Berbagai pengalaman antara satu makhluk bernama manusia dan manusia yang lainnya bisa sangat mungkin berbeda, ada yang memiliki pengalaman hidup yang menarik dan menantang karena kehidupan yang dihadapinya begitu keras sehingga menjadikan setiap detikan jam begitu bermanfaat di hidupnya. Ada pula yang memiliki pengalaman hidup yang begitu monoton, pagi hari bekerja sampai sore, kemudian malam hari beristirahat dan kembali lagi seperti itu setiap hari. Nah, itulah hidup teman-temanku. Berbeda, namun sama-sama perlu dinikmati. Bukankah begitu? Seperti kita yang sedang menikmati secangkir kopi di waktu senja, nikmat rasanya bukan?

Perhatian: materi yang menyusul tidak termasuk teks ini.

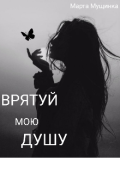 Обкладинка книги "Врятуй мою душу "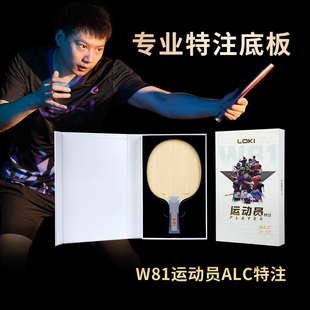 loki雷神W81运动员ALC特注乒乓球拍底板快攻型碳纤维专业赛级球拍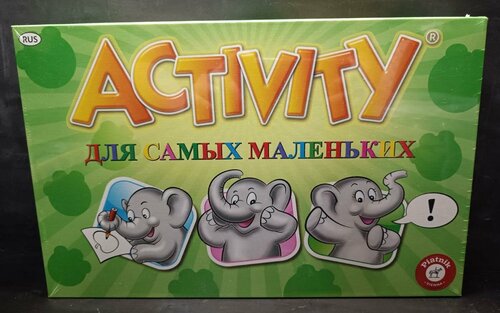 PIA755040 Настольная игра Activity для самых маленьких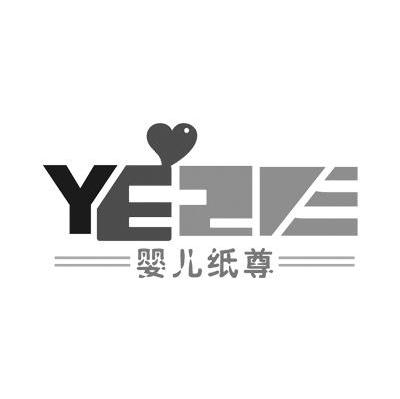 婴儿纸尊 YEZE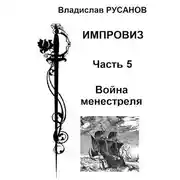 Постер книги Война менестреля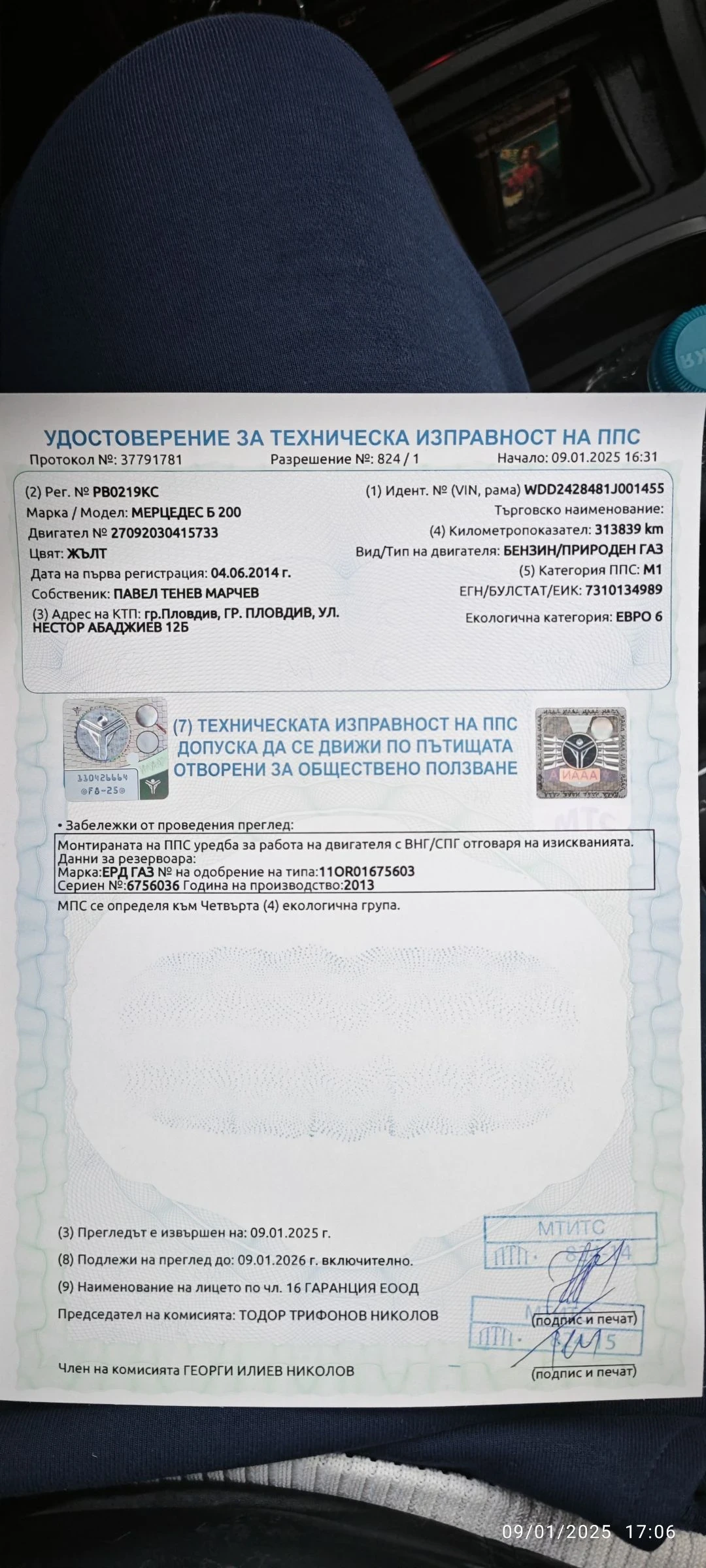 Mercedes-Benz B 200 CNG | Mobile.bg   13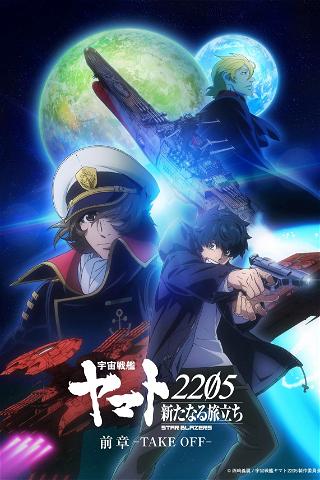 Space Battleship Yamato 2205: The New Voyage - Prior Chapter: Take Off poster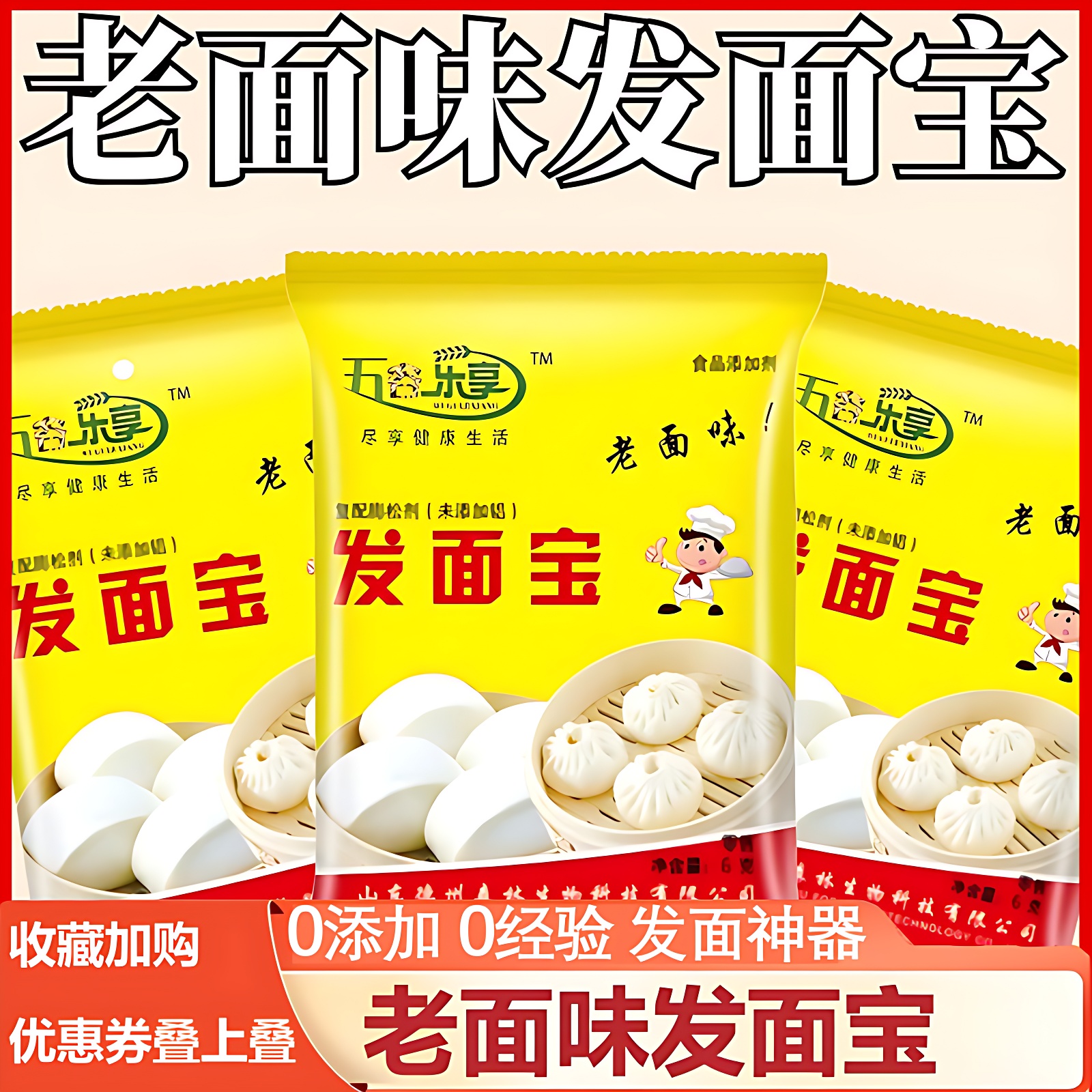 发面宝发面旺发面王老面味儿发酵粉家用老式酵母发面神器面粉官方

Sudahkah teman-teman merasakan bekerja sebagai sosok sosialis, pekerja sosial maksud saya, yang dimana gajinya tidak seberapa dan lebih tertuju pada kata mengabdi? Selama 1 bulan ini, saya magang di Dinas Sosial kota Malang, walaupun magang saya berusaha seprofesional mungkin dalam bekerja. Sedikit beruntung bagi saya karena ditempatkan dalam Program Keluarga Harapan (PKH) yang diterapkan oleh Kementrian Sosial Republik Indonesia sejak tahun 2012.Â
Berurusan dengan beberapa keluarga yang kurang sejahtera namun masih memiliki motivasi adalah tugas magang saya sehari-hari. Karena saya adalah mahasiswa psikologi, tak begitu sulit bagi saya untuk mengerti dan memahami mereka sebagai sosok yang memerlukan uluran tangan orang-orang mampu yang sejahtera dan memiliki kehidupan yang lebih baik dibanding mereka yang masuk dalam PKH. Tempat magang saya ada di Mergan Lor, Sukun, Malang, tak jauh dari kampus tercinta saya. Banyak hal yang tidak terduga yang banyak diceritakan oleh ibu-ibu yang menerima bantuan PKH tersebut. Mau tahu apa saja permasalahan yang saya tangani selama magang? Baiklah akan saya ceritakan.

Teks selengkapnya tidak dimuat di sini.